> _YOUR GOAL_:
Beginning with the line that contains "USA 750 696" and ending with the line that contains "Chaturbate Sex Chat of totalfuckingadorable", reproduce the lines of the entries below exactly, omitting pictures.

> _RECORDS SUPPLIED_:
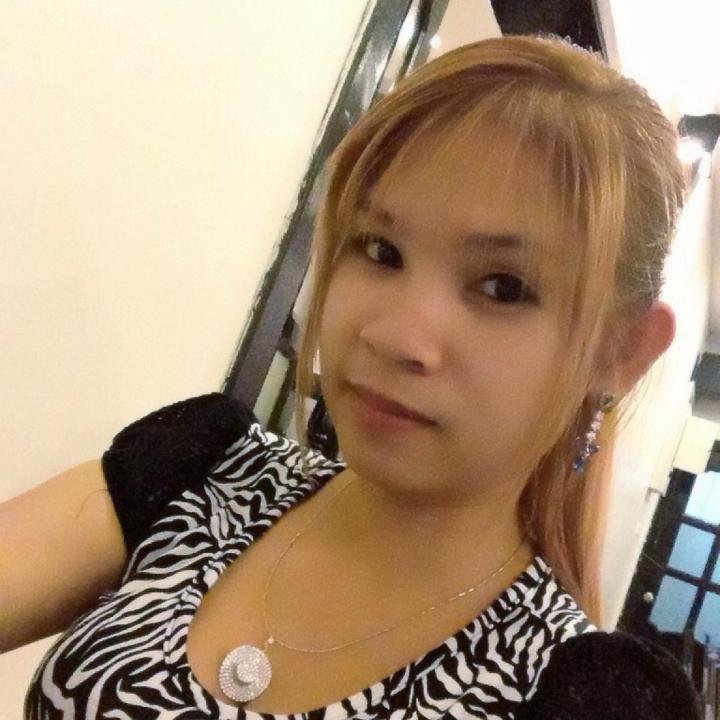 088745's profile picture. 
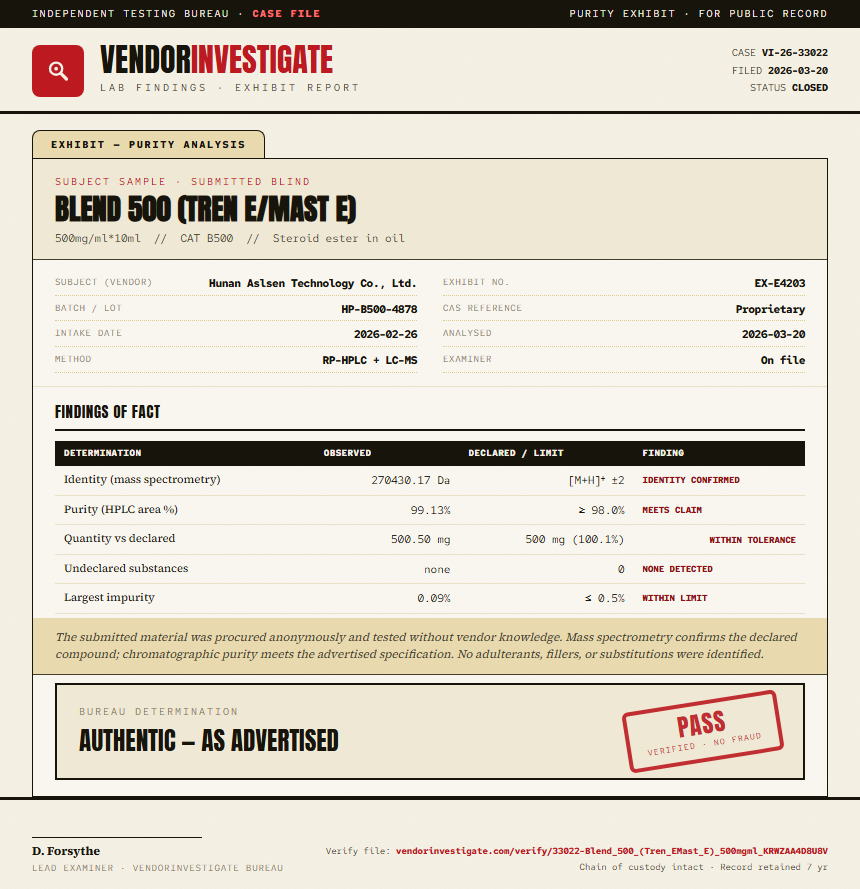 Blend 500 (Tren E/Mast E) Purity (HPLC) report by VendorInvestigate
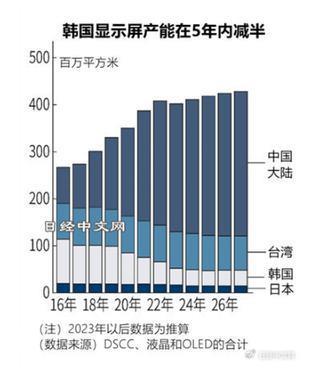 日媒：韩国厂商液晶面板业务萎缩 因中国厂商崛起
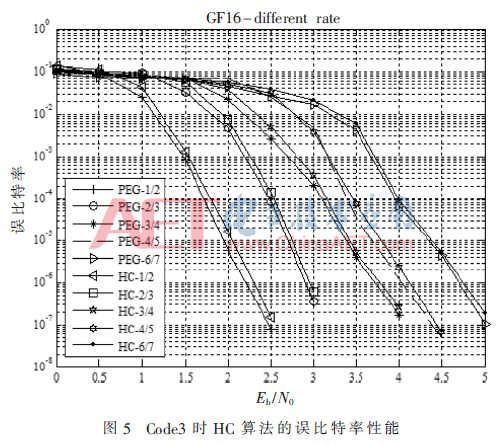 5G4-t5.gif 5G4-t5.gif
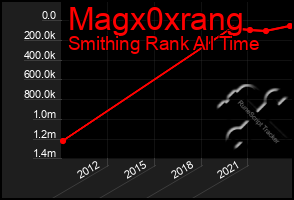 Total Graph of Magx0xrang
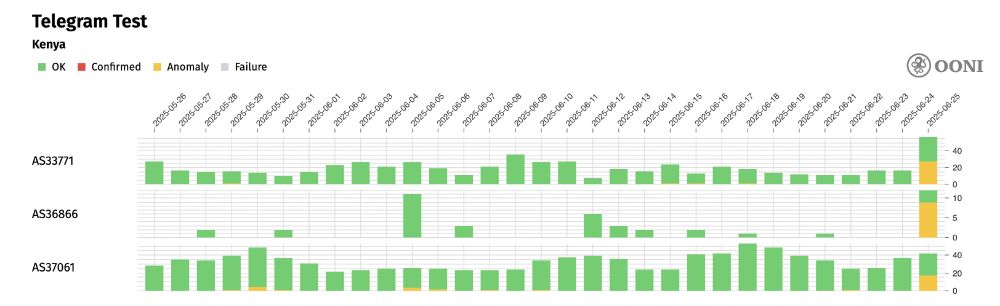 This chart shows the measurements collected from Kenya between 10th to 25th June 2025 from three networks AS33771, AS36866, AS37061. Many measurements collected from these networks on 25th June 2025 result in anomaly measurements which is a strong signal of intentional censorship. 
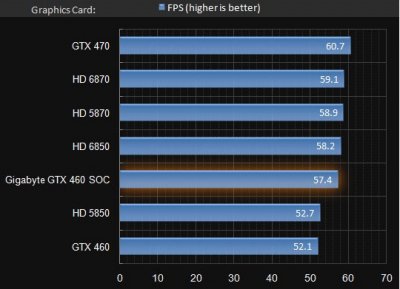 Видеокарта Gigabyte GeForce GTX460 1GB, 256bit, DDR5 (GV-N460SO-1GI) фото Видеокарта Gigabyte GeForce GTX460 1GB, 256bit, DDR5 (GV-N460SO-1GI) фото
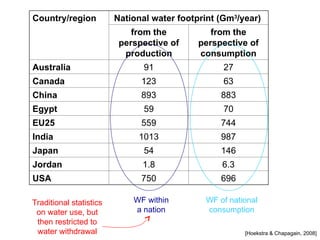Country/region National water footprint (Gm3
/year)
from the
perspective of
production
from the
perspective of
consumption
Australia 91 27
Canada 123 63
China 893 883
Egypt 59 70
EU25 559 744
India 1013 987
Japan 54 146
Jordan 1.8 6.3
USA 750 696
[Hoekstra & Chapagain, 2008]
WF of national
consumption
WF within
a nation
Traditional statistics
on water use, but
then restricted to
water withdrawal
 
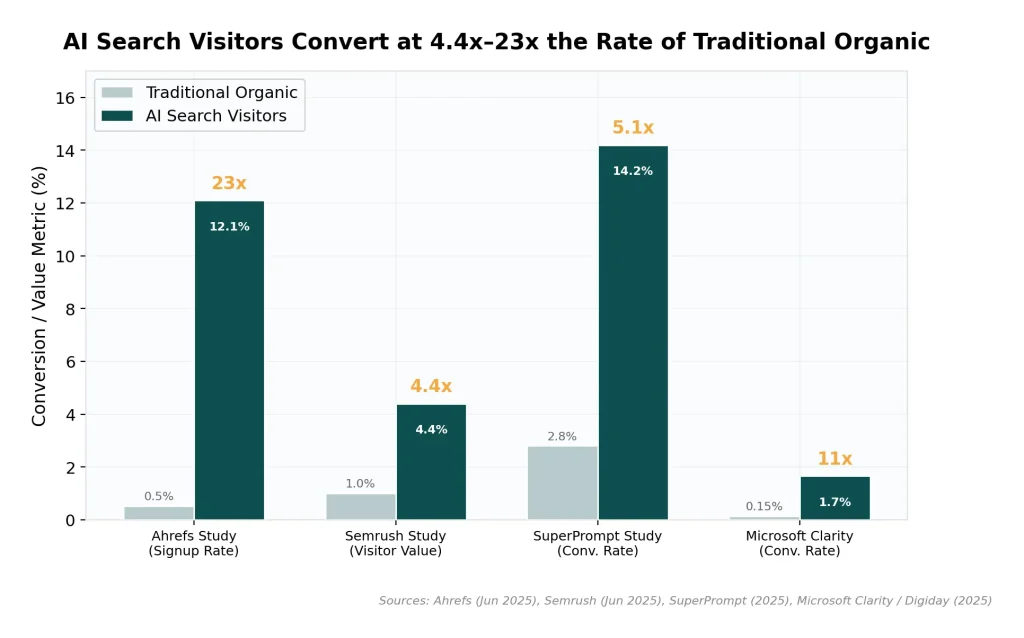 Conversion Premium: AI vs Traditional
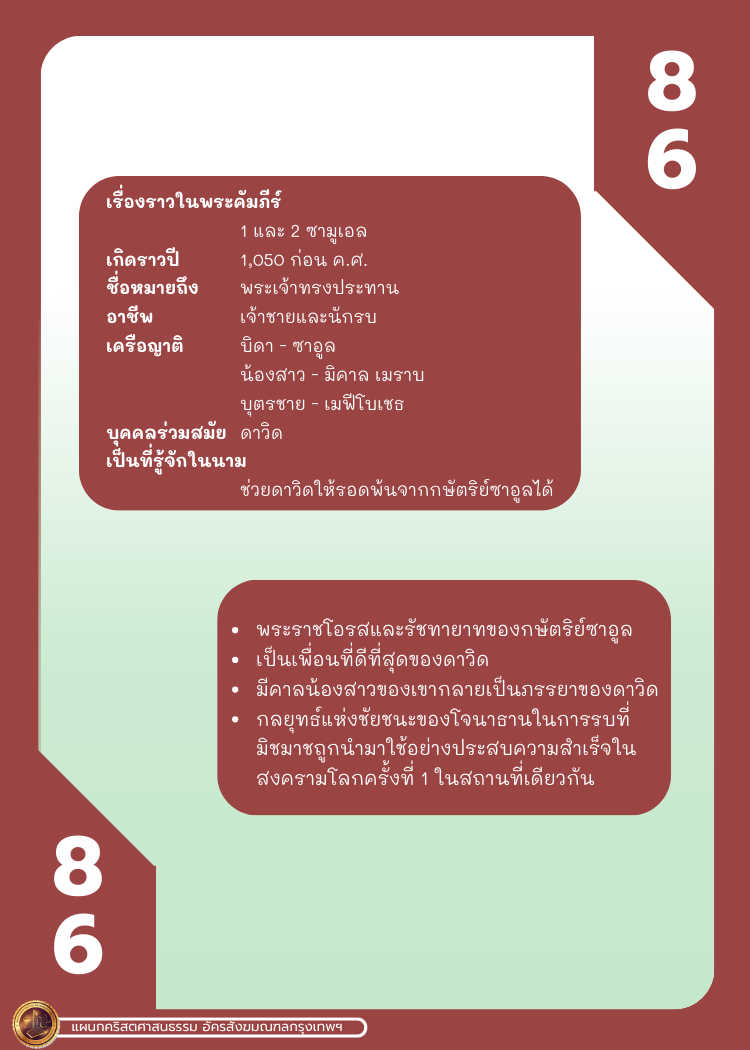 Bible Character 1 98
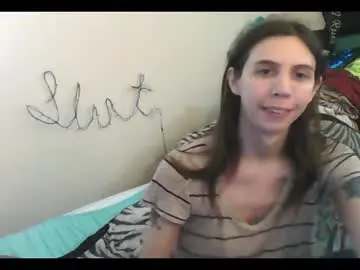 Chaturbate Sex Chat of totalfuckingadorable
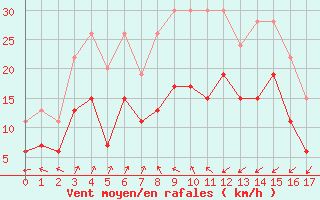 Courbe de la force du vent pour Cimetta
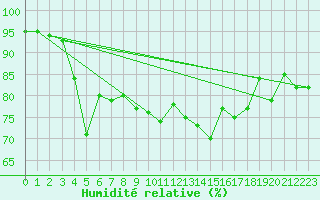 Courbe de l'humidit relative pour Crosby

> _TASK RESULT_:
USA 750 696
[Hoekstra & Chapagain, 2008]
WF of national
consumption
WF within
a nation
Traditional statistics
on water use, but
then restricted to
water withdrawal
 
 Conversion Premium: AI vs Traditional
 Bible Character 1 98
 Chaturbate Sex Chat of totalfuckingadorable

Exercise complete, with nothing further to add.